G-stays 新宿 集住→ホテルへの変更
新宿歌舞伎町に建つRC造7階建・築32年のワンルームマンション(32戸)を外国人をメインターゲットとしたホテルに用途変更しました。
実際には無許可でホテルとして使用していた築32年のワンルームマンションを、オーナーが変わったタイミングで適法に運営するためにはどのようにしたら良いのか分からず、相談する専門家を探していたようでした。
私がパートナーとして所属していた会社(インスペクションをメインとする不動産関連会社)に弁護士を介して相談があり、私どもが過去に用途変更の経験があったため、このプロジェクトに共同設計者として参画することになりました。

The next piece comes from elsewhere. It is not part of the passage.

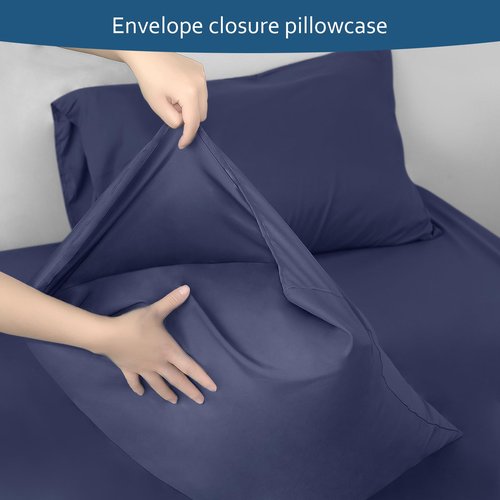 Moonsea Air Mattress Queen Sheet Set - Deep Pocket 4 Piece Queen Size Sheet Set - Breathable & Fade Resistant Easy Fits 16in to 24in Pillow Top Bed Mattress - Navy Blue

検査済証はありましたが、元々駐車場として申請していた部分を住戸に変更していたり、開放廊下を塞いで室内化していたりと完了検査後に違法な改変が行われていました。私が前職で区立中学校の設計を担当していたこともあり、面識のあった区役所の関係者に相談すると「適法化を前提とするなら」と様々なアドバイスや協力を頂くことが出来ました。地域内の建物を適法化して運営することは新宿区にとってもメリットになると判断されたのではないかと推測しています。建築基準法の改正によって、EVシャフトや備蓄倉庫の面積が容積対象外になったこと等を最大限に活用して、適法に用途変更申請と増築申請を行い、新たに検査済証も発行して頂く事ができました。
オーナーからは当初は検査済証が得られるとは思ってもいなかったと言われ、ホテルの運営事業者からは旅館業としての営業許可も下りて適法に運営できることを大変喜んで頂きました。一時期はコロナ禍で客足は減ったものの、漸く回復の兆しもあり、何とかやっていけているとの連絡も頂き嬉しい限りです。更に、このプロジェクトをきっかけとして同じ運営事業者からは引き続き相談や依頼を頂いており、現在同じ新宿区で今度は一棟貸しのホテル営業に関する用途変更と旅館業申請の手続き中です。
外観は普通のワンルームマンションです
以前は既存ブレースをボードで塞いでエントランスホールを屋内扱いとしていましたが、今回の改修で違法部分を撤去して再び開放廊下に戻しました。
エントランスホール側は法的には開放廊下ですが、ルーバーを新設することによって適法ながらも少しは室内の雰囲気を出す工夫をしています。
ブレース部分とルーバーの詳細
ホテルフロント部分:後ろの壁も違法改修で設けられたもので、元々は開放廊下で面積不算入部分でした。今回の改修で当時の状況に戻して開放廊下部分にフロントを設置する訳にもいかず、他の部分で容積対象面積を何とかやりくりしてフロント部分は室内として面積を算入することにしました。
フロントの様子です。
エントランス横の壁面に多言語表記のウェルカム看板が設置されています。